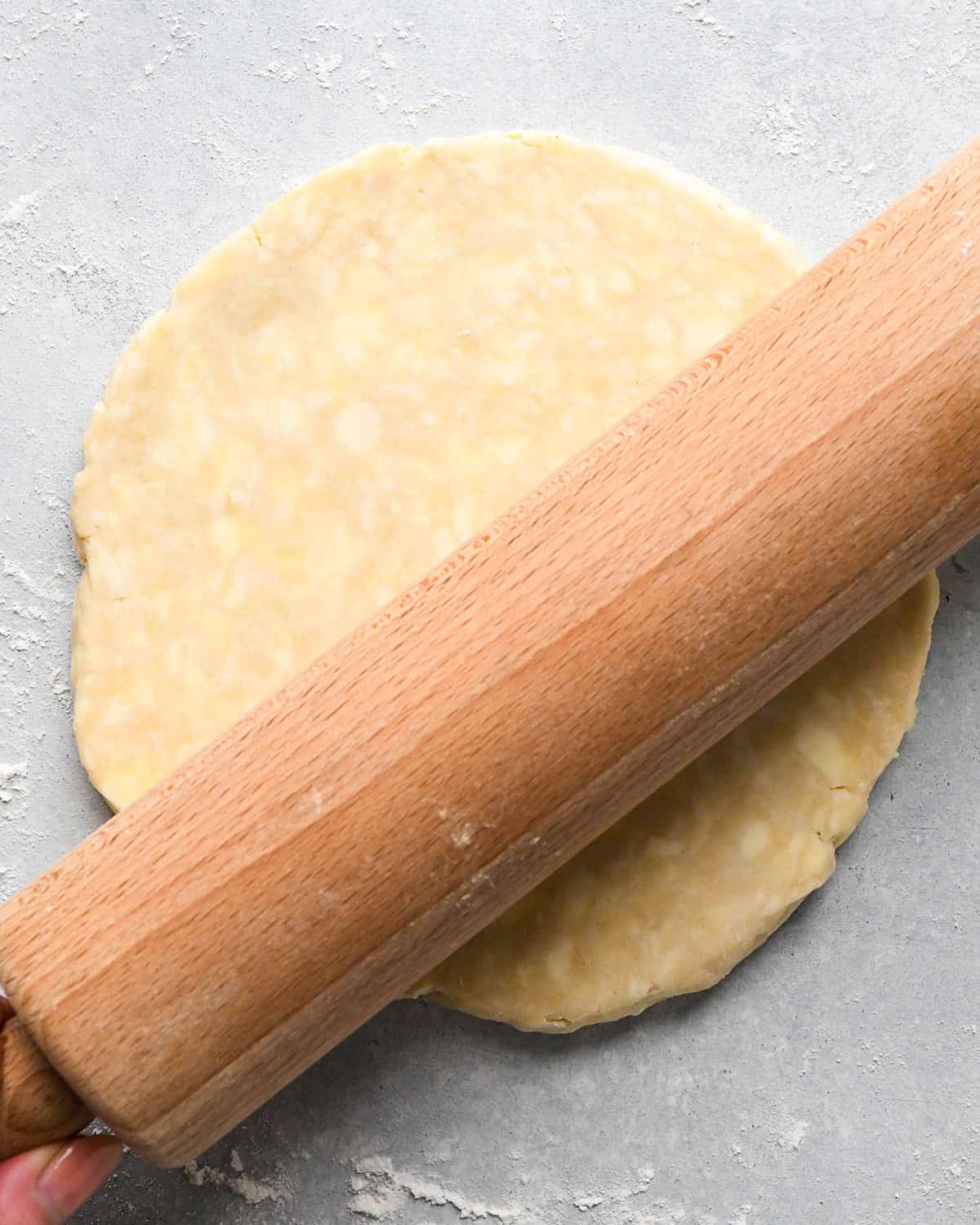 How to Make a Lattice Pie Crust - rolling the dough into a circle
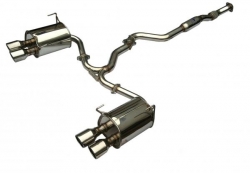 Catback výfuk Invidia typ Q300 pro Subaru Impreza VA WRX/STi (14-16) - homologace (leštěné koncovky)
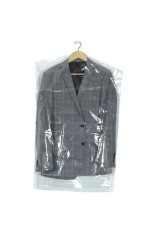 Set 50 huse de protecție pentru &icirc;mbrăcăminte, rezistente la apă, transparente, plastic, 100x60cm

⁂

- **What to produce**
Set down the entire material verbatim, with each picture left out.

- **Reply to the exercise**
 How to Make a Lattice Pie Crust - rolling the dough into a circle
 Catback výfuk Invidia typ Q300 pro Subaru Impreza VA WRX/STi (14-16) - homologace (leštěné koncovky)
 Set 50 huse de protecție pentru &icirc;mbrăcăminte, rezistente la apă, transparente, plastic, 100x60cm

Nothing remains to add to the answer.